Slowly the Internet age took over, accelerating in the new millennium, and gradually, WiFi-connected employees started working from coffee shops and other cafes – and from home. The growth in office space stopped, and actually reversed when shared space – first called “hoteling” (where employees, at different times, shared work stations) began to flourish. And in the post 2010 era, companies like WeWork began offering space with WiFi on a monthly rental basis, so satellite offices in urban areas didn’t need a leased space-- which when not in a small suite, would be in Regus or HQ offices that provided clerical help. As laptop/WiFi usage evolved, the need for the assistance vanished--only copiers/scanners/printers were needed, along with amenities like coffee, beer, big screens. Flexibility was the goal, though the WeWork model appears to have grown too fast and a bit recklessly.

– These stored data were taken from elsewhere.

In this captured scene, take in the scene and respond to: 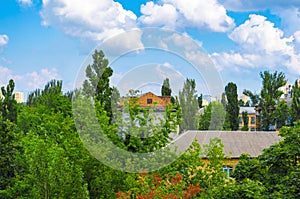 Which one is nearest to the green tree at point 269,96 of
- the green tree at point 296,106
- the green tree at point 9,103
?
the green tree at point 296,106

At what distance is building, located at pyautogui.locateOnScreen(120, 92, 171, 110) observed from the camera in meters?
11.7

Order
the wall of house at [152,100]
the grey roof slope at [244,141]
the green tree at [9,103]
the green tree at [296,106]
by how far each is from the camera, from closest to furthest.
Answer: the wall of house at [152,100] < the grey roof slope at [244,141] < the green tree at [9,103] < the green tree at [296,106]

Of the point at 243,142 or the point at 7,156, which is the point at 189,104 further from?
the point at 243,142

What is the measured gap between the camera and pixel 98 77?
1315cm

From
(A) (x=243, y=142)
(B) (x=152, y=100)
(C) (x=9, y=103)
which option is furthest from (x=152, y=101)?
(C) (x=9, y=103)

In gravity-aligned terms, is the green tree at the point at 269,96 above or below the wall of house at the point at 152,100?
above

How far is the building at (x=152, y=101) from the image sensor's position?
1170cm

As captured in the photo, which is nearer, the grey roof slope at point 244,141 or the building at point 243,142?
the building at point 243,142

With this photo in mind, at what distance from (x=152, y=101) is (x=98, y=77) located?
2.06 m

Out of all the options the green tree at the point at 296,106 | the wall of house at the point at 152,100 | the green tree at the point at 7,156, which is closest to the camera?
the wall of house at the point at 152,100

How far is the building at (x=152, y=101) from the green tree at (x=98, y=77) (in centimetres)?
121

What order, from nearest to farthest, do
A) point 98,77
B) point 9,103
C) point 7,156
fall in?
point 98,77
point 7,156
point 9,103

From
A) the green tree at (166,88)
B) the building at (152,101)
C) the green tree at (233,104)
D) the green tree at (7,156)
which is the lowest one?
the green tree at (7,156)

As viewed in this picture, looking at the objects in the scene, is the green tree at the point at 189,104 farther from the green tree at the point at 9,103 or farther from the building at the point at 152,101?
the green tree at the point at 9,103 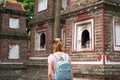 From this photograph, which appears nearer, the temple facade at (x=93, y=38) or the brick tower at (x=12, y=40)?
the temple facade at (x=93, y=38)

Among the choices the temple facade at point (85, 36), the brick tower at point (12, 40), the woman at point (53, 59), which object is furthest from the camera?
the brick tower at point (12, 40)

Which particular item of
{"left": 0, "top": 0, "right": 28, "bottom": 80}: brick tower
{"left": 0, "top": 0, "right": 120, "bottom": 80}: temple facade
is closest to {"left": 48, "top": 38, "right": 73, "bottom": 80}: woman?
{"left": 0, "top": 0, "right": 120, "bottom": 80}: temple facade

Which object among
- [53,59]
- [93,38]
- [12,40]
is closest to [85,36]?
[93,38]

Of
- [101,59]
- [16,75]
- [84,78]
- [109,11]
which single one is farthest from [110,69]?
[16,75]

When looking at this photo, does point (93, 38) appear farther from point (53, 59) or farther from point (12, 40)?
point (12, 40)

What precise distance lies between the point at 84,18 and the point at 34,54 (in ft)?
20.3

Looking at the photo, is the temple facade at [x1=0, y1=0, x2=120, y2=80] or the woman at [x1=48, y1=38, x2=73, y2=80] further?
the temple facade at [x1=0, y1=0, x2=120, y2=80]

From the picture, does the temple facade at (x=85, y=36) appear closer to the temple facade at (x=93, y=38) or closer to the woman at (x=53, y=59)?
the temple facade at (x=93, y=38)

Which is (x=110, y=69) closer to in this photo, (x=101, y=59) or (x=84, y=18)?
(x=101, y=59)

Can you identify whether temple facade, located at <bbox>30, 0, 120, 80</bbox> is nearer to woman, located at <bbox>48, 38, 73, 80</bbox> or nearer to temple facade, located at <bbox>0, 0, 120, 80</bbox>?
temple facade, located at <bbox>0, 0, 120, 80</bbox>

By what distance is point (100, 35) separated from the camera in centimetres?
928

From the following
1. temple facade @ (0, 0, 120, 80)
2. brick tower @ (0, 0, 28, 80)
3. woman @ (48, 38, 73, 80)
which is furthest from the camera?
brick tower @ (0, 0, 28, 80)

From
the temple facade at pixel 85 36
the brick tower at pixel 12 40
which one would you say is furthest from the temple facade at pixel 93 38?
the brick tower at pixel 12 40

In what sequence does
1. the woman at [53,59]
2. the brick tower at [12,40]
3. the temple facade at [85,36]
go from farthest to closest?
the brick tower at [12,40] → the temple facade at [85,36] → the woman at [53,59] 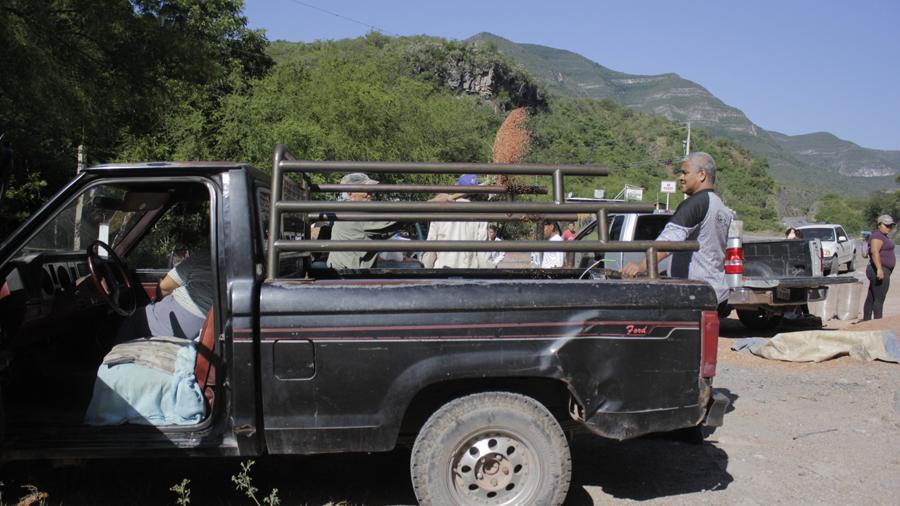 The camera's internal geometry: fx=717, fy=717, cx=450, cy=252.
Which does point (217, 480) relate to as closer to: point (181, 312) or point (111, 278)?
point (181, 312)

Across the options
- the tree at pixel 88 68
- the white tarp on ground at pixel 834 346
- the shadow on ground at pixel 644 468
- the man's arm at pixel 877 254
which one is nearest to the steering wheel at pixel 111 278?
the shadow on ground at pixel 644 468

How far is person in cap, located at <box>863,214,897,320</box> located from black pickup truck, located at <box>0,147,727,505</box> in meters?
Result: 7.75

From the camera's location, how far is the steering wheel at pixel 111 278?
161 inches

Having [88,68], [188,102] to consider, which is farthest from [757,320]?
[188,102]

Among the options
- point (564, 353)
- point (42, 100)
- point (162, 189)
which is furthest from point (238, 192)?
point (42, 100)

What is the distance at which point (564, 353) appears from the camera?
3.55 meters

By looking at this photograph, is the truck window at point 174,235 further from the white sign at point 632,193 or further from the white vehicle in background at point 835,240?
the white vehicle in background at point 835,240

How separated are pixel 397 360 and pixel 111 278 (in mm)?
1954

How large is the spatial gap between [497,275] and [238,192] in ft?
6.60

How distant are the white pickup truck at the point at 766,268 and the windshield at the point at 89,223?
17.2 ft

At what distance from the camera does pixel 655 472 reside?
4723 mm

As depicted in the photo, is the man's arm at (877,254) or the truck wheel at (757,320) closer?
the man's arm at (877,254)

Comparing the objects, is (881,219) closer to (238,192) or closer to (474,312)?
(474,312)

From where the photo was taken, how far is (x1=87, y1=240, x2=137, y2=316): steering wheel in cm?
408
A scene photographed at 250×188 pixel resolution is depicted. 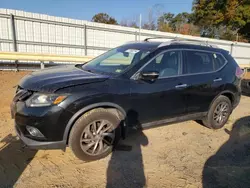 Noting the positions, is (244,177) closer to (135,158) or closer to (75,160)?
(135,158)

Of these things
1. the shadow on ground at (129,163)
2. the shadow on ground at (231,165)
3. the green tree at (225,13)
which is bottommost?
the shadow on ground at (231,165)

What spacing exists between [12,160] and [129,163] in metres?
1.77

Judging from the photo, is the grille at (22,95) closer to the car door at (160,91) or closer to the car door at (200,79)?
the car door at (160,91)

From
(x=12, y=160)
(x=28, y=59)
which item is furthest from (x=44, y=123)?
(x=28, y=59)

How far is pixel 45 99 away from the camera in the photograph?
2982 millimetres

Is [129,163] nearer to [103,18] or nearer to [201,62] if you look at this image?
[201,62]

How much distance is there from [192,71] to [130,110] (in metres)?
1.64

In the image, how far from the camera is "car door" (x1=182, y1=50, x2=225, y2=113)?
424 centimetres

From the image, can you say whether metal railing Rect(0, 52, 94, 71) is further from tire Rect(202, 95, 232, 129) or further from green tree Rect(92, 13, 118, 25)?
green tree Rect(92, 13, 118, 25)

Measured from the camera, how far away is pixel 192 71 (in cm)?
431

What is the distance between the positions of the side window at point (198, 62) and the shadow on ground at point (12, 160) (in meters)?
3.20

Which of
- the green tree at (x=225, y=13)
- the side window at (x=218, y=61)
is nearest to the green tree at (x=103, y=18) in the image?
the green tree at (x=225, y=13)

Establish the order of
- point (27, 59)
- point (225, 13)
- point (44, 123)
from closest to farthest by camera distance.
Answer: point (44, 123) < point (27, 59) < point (225, 13)

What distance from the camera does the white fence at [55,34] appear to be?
9.77 m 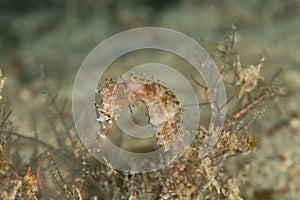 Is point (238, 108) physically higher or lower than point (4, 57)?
lower

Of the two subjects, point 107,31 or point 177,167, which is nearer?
point 177,167

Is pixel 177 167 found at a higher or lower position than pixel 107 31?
lower

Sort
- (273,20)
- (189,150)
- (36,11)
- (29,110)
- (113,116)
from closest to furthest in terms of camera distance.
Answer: (113,116) → (189,150) → (29,110) → (273,20) → (36,11)

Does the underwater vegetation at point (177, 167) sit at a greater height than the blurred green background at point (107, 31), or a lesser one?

The effect on office real estate? Lease rates plateaued, and only the best-located buildings increased in value. The conundrum included parking now being more uncertain, the impact resulting from driverless cars, and more and more employees who don’t drive cars to work. And with lease rates leveling out and yet construction costs and land costs continuing to escalate, far fewer new office buildings are being built as this segment of the industry struggles to meet the needs of tomorrow. Open office plans, more included services in tenant space, and high-capacity Wi-Fi lead the suite of attractions to lure new tenants in existing Class A buildings. Class B buildings struggle, with only painful price reductions as an offering, and Class C? Many are being converted to residential, especially in active urban Primary and Secondary markets, as younger workers seek walkable living. Time will tell on the office market and its future prospects.